In recent years, outside nations have discreetly attempted to assist Turkmenistan in strengthening its border security. For example, in 2003, Austria’s Federal Ministry of the Interior founded the Central Asia Border Security Initiative to assist the Central Asian republics with border management and drug control. CABSI meetings take place once a year in Central Asia and bring together all Central Asian states, European Union members, and other interested countries to discuss current border-management and security activities as well as possible future cooperation in the area of border management (http://www.bomca.eu/cabsi.html).
The United States has also been involved in similar efforts bilaterally with Turkmenistan. In August 2004, the US Customs Service conducted a Strategic Enforcement Tracker training course for 25 officers of the Turkmenistan State Border Service in Ashgabat. Three Native American “Shadow Wolves” that work to track down illegal smuggling along the US-Mexico border shared their tracking expertise with the local border guards (United States Mission in Turkmenistan, Issue 34 Monthly Newsletter, August 2004).
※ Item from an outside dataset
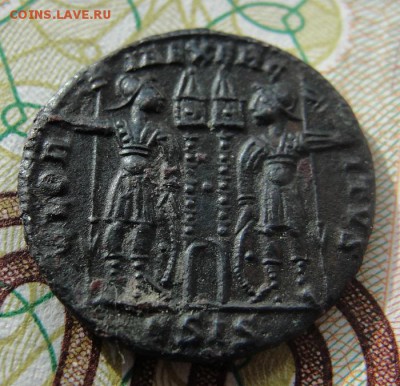 медная монета Константина Второго нечастая, сохранность_1 - 1r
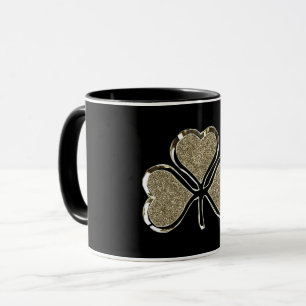 Golden Kleeblatt Clover Ireland Irish Symbol Tasse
In October 2009, at the opening of a new border crossing checkpoint at Farap on Turkmenistan’s border with Uzbekistan, US Chargé d’Affaires Sylvia Curran emphasized that “this Border Crossing Checkpoint is the third checkpoint [that] the United States Government has provided to Turkmenistan.” The first border checkpoint, “Altyn Asyr,” was opened in 2006 on the Iranian border and the second, “Imamnazar,” was opened in 2007 on the country’s border with Afghanistan—all were funded by the US (US Embassy–Ashgabat, PAS No 260, October 15, 2009).
US aid to Turkmenistan has been ongoing, if modest. In June 2013, the State Department reported, “The United States is providing technical assistance, including training, to increase the English language capacity of the Turkmen military. The United States government is also working with Turkmenistan’s counter-narcotics units and border patrol officers to improve their interdiction and border patrol skills, as well as countering transnational crimes, such as human trafficking and money laundering” (http://www.state.gov/documents/organization/213199.pdf).
Like others in the region, Turkmenistan is waiting to see what Afghanistan will look like after the US and the International Security Assistance Force (ISAF) drawdown is largely completed in December 2014. The West pledges to continue to be regionally engaged as the troop drawdown proceeds. And the second annual EU–Central Asia High Level Security Dialogue will be held in Dushanbe this summer, focusing on Afghanistan in the post-transition period (http://www.iss.europa.eu/publications/detail/article/horizon-2014-central-asia/). Still, should the massive flow of Afghan narcotics passing through Turkmenistan on its way to Russia and the European Union increase following the Western forces’ exit, this may strain Ashgabat’s relations with the West.
For the near future, the capacity of Turkmenistan’s security and military forces will remain relatively poor. Furthermore, as the country’s neutrality policy has left it outside of regional security groupings like the Shanghai Cooperation Organization (SCO) and Collective Security Treaty Organization (CSTO), Turkmenistan’s potential political and security problems remain outside formal assistance from these organizations or its members, leaving Ashgabat to face internal or external threats alone. In such a case, Turkmenistan might find that its explicit neutrality and lack of defense agreements with other countries is a diplomatic liability rather than an asset.